Jan. 6 panel reveals how Trump sat on his hands during attack

Jan. 6 panel reveals how Trump sat on his hands during attack


While rioters smashed through police lines at the Capitol, Donald Trump asked aides for a list of senators to call as he continued to pursue paths to overturn his defeat in the 2020 election.

“He wanted a list of senators,” former White House press secretary Kayleigh McEnany said in recorded testimony, aired by the Jan. 6 select committee at a public hearing Thursday night.

McEnany didn’t identify which senators Trump called, but one of them was Sen. Tommy Tuberville (R-Ala.), who has previously described receiving a call from the then-president just as he and Pence were being evacuated, as the mob encroached on the Senate chamber.

The new evidence underscored Trump’s fixation on seizing a second term and disrupting the transfer of power, even as his vice president and Congress were fleeing from violent rioters. The committee aired audio from Pence’s Secret Service detail making rapid-fire decisions about the proper route through the Capitol to avoid confronting the mob.

“We may lose the ability to leave,” one agent warned moments before Pence was ushered to an underground loading dock, where he remained for the remainder of the riot.

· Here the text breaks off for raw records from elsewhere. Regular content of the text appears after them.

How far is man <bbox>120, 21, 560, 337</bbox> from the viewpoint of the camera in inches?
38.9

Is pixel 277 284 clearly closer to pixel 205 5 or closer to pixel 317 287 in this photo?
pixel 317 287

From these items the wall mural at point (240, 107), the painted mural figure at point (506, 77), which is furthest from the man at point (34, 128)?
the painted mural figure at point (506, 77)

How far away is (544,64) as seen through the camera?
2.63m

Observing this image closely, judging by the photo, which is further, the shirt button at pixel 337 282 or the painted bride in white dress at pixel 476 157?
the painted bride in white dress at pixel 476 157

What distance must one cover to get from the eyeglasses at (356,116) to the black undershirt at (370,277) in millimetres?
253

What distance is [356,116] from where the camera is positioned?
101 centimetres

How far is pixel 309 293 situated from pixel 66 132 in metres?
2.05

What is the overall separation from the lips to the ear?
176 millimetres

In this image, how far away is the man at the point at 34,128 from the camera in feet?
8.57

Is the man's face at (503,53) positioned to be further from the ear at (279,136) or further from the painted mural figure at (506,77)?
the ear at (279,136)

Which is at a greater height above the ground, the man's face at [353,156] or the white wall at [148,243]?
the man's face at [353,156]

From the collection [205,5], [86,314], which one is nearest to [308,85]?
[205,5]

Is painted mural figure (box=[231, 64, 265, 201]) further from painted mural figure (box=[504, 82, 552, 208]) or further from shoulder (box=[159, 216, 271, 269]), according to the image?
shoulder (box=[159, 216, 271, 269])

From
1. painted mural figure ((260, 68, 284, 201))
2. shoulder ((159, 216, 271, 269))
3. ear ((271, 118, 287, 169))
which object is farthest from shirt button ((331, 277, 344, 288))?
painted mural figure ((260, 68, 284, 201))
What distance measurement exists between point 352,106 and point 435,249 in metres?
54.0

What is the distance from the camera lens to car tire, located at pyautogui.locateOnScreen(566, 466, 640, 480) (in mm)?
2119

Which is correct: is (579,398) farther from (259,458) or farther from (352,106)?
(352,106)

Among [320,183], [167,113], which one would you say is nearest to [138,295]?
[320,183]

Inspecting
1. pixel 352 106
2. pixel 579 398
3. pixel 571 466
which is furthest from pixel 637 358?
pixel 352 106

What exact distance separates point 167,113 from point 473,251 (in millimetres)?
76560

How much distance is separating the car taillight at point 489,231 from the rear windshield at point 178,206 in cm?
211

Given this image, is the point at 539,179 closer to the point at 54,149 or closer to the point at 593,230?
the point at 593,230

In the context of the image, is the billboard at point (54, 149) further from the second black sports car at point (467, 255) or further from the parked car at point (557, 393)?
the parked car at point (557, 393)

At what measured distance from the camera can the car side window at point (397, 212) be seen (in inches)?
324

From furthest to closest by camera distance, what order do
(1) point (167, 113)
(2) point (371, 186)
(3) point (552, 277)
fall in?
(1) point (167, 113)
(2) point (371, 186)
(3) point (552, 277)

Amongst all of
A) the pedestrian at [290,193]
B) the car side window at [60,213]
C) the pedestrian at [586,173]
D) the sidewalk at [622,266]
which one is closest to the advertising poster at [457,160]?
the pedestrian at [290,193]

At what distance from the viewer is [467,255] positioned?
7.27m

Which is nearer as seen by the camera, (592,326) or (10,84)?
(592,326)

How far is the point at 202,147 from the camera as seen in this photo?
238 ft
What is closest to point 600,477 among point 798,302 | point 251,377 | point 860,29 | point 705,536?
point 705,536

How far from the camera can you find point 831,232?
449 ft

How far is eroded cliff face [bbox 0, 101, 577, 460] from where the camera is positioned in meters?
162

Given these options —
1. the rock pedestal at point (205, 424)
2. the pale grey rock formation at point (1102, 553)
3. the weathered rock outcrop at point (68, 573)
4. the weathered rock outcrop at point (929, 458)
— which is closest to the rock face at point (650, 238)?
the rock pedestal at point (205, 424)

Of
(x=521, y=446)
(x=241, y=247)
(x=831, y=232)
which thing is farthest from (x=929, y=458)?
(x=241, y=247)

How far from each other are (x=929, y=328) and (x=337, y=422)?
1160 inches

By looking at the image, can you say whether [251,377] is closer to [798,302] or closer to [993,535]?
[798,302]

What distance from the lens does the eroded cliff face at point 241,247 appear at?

The evidence was the centerpiece of the committee’s case that Trump didn’t just sit on his hands during the riot, he welcomed the chaos and sought to use it to further his goal to cling to power and prevent Joe Biden from taking office.

“President Trump did not fail to act … he chose not to act,” said Rep. Adam Kinzinger (R-Ill.), at Thursday’s hearing, the eighth in the committee’s recent series.

The panel added new details to the timeline of Trump’s actions, painting a picture of a president who sat idly in the Oval Office, watching on TV as pro-Trump rioters battered their way through police lines and into the Capitol. While Trump’s public silence during much of the violence is already well-known, the panel argues that the new evidence it is revealing about what happened inside the West Wing will show he purposely didn’t intervene in the chaos until it was clear the mob had failed to stop the certification of Joe Biden’s election.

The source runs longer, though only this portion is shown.